**EXERCISE DESCRIPTION**
Beginning at the line that contains "25P Milfs &amp; Gilfs wearing boots no.14", reproduce the entries below exactly, ending with the line that contains "Nissan Qashqai+2 Clutch pipe/line 30850BC30A". Omit each picture.
□ □ □ □
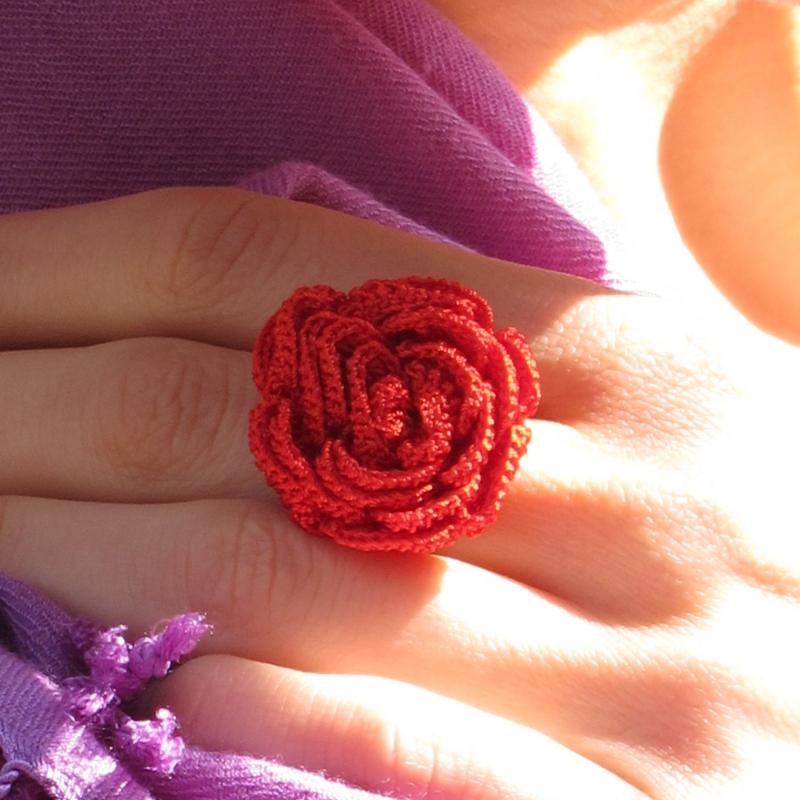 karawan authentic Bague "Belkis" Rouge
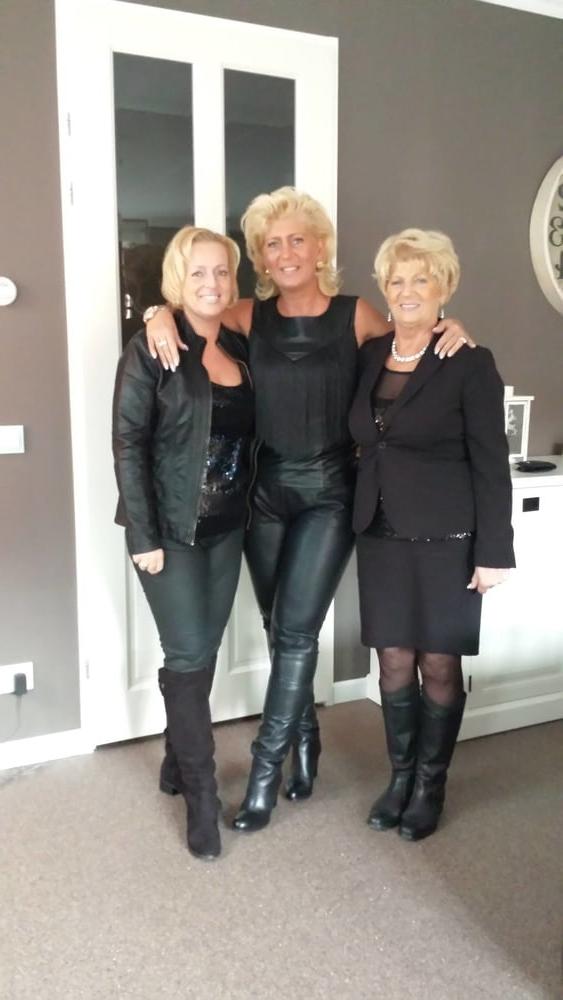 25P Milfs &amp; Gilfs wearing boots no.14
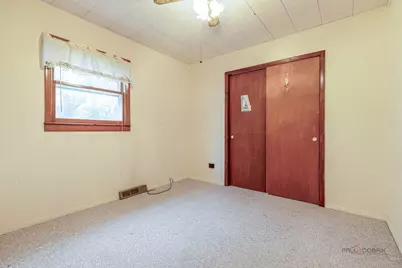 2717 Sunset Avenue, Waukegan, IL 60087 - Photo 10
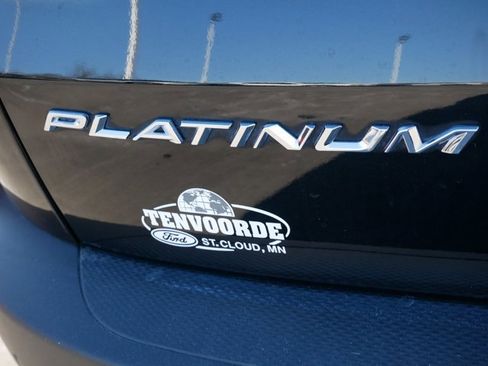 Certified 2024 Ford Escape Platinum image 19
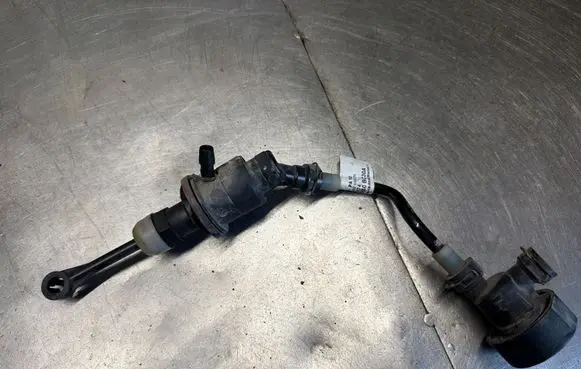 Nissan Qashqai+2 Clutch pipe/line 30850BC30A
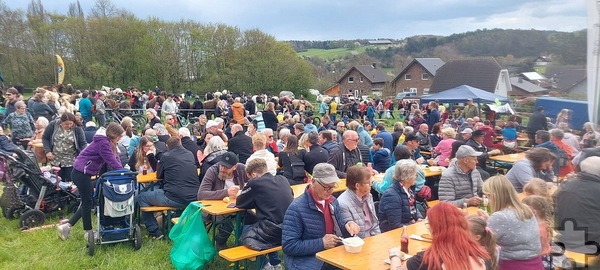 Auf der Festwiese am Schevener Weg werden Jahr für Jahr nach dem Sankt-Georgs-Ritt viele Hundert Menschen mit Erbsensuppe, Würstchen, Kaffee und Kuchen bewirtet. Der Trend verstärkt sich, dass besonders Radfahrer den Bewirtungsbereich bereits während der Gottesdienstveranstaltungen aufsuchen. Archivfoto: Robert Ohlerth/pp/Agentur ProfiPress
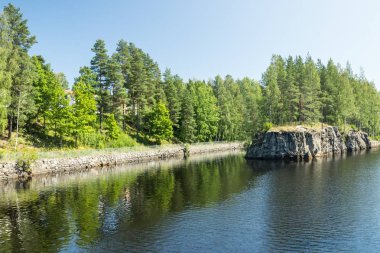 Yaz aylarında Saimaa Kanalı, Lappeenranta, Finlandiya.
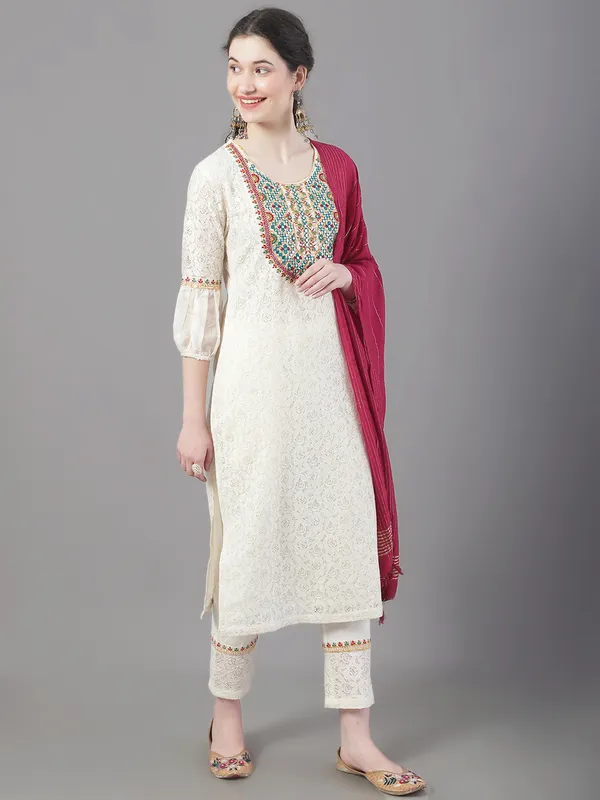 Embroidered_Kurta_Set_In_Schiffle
□ □ □ □
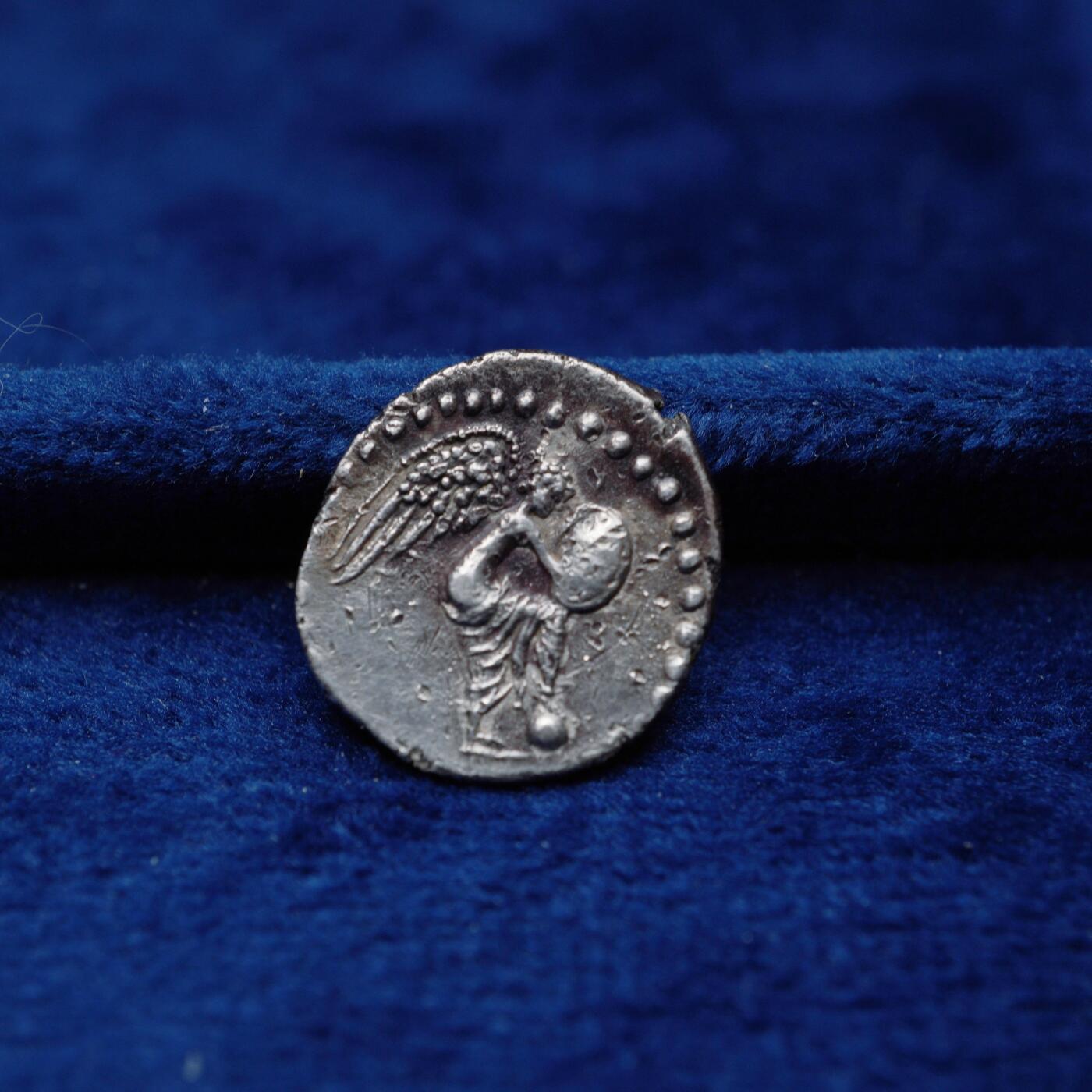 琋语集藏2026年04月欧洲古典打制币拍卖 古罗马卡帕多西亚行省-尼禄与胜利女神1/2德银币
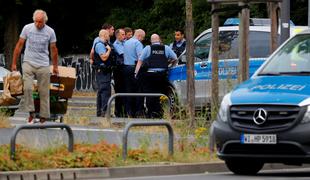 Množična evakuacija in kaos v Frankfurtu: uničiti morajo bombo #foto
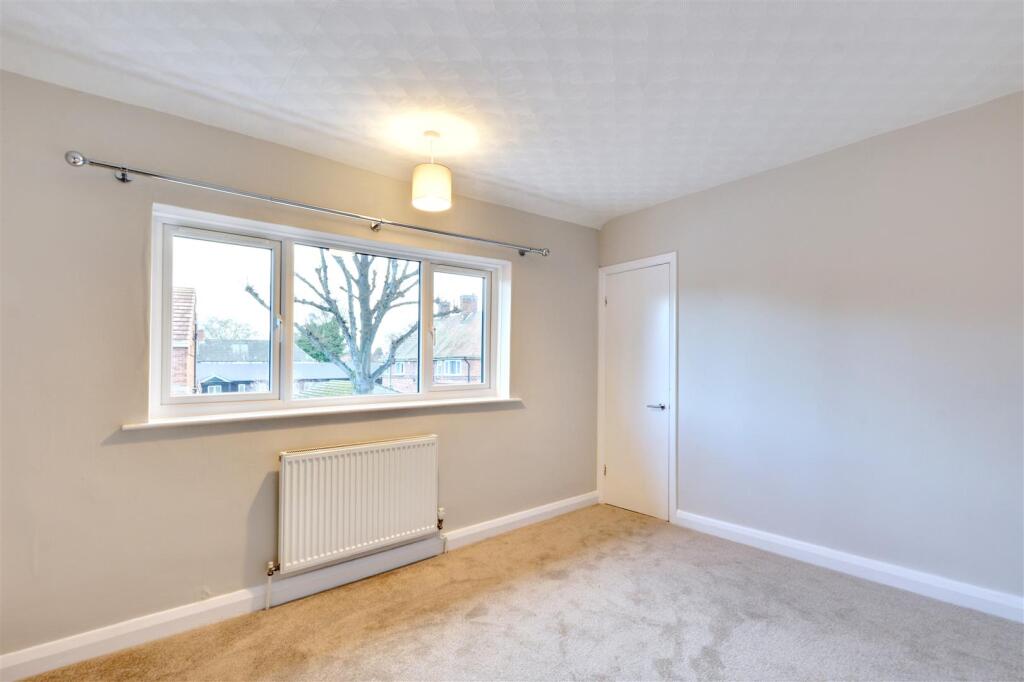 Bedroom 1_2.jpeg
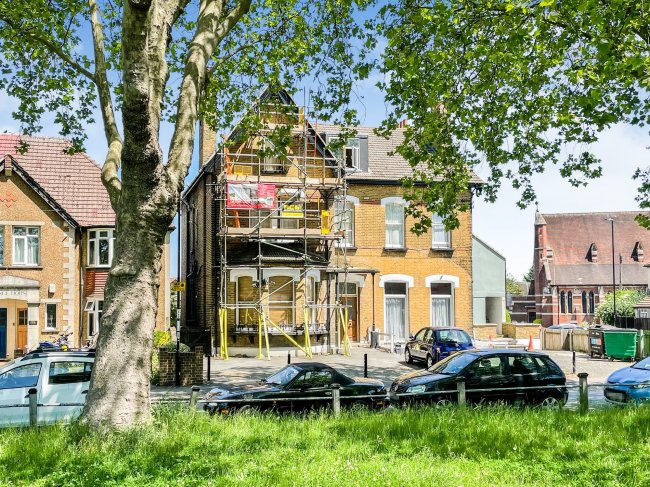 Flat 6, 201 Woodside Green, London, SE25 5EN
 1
□ □ □ □
**EXERCISE SOLUTION**
 25P Milfs &amp; Gilfs wearing boots no.14
 2717 Sunset Avenue, Waukegan, IL 60087 - Photo 10
 Certified 2024 Ford Escape Platinum image 19
 Nissan Qashqai+2 Clutch pipe/line 30850BC30A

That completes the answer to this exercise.